I often find it interesting that I view the world so differently now that I’ve been a personal trainer. Like really noticing fat people. Recently I went to a Yankees game and realized how many severely overweight people were in the Stadium. I used to go to games all the time and never noticed the parallel between sports obsession and obesity. Face it, we are an envious, self-deprecating, celebrity-obsessed society that is more about watching the best than being the best. Sometimes it feels that “fan-dom” is a celebration of being average; of being one of millions who support the team, but don’t have the skill, drive and passion to do anything at that same level. I say this understanding that the average fan is a team’s target consumer. The team’s goal is to obviously draw fans away from the things that make them feel elite and pull them into things that make them feel indulgent.
They’re all things that cause us to make exceptions for our behavior, whether positive or negative. They’re all associated with sports and they’re all things we like about viewing sports. Sports are also better packaged for television now, so that means more sports fans in bars, more sports fans sitting and lying on couches, and too many (east coast!) sports fans in bedrooms, eating in bed as they watch Kobe light up Portland in the late game. What does it mean? Fueling the American obesity problem by marketing to the unhealthy, exploiting their weaknesses for unhealthy things, and making it so that the average fan could NEVER associate with their favorite athlete as a person.
Sports are an amazing parallel for life.
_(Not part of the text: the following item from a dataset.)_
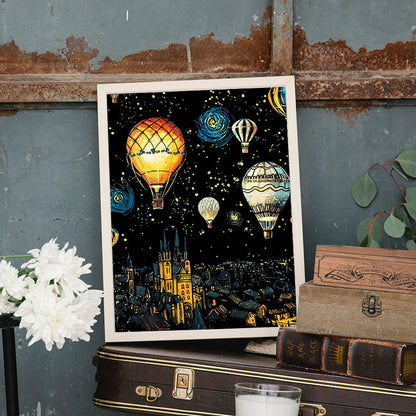Gatsby Canvas - Luminous Series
Seeing life the way athletes see competition is a way to apply the same focus, effort, and pride to our lives that highly-paid athletes do to theirs. Athletes aren’t simply role models for children whose parents are too lazy to properly raise them, they can be role models for us all. Not all role models are positive though, so adults with adult reasoning can take the negative and positive for what they are: learning experiences.
Our society though is full of adults who admire athletes, pay their salaries with ticket sales, stadium concessions and merchandise sales, but do so as a means of leisure. It seems that we would rather use the image of the fit, disciplined, conditioned athlete to justify excessive eating and drinking than to explore these practices for ourselves so we can know why professionals are so amazing. What we get is a society of fat people with insane expectations of professional athletes who share none of their talents or drive. How can you follow sports intelligently and evaluate athletes moving dynamically if you refuse to even move?
Activity is not simply for individuals who want to look better, it’s just that active individuals look better to everyone. Individuals who watch sports should do their best to also PLAY sports. First, it will help them to properly appreciate athletes’ skill. Second, it will be a healthy way to release the competitive spirit they want to release by drinking and overeating in packs. Third, it allows them to actually draw parallels between themselves and their favorite athletes, maybe helping them think twice before they contribute to a team’s revenue and an athlete’s salary.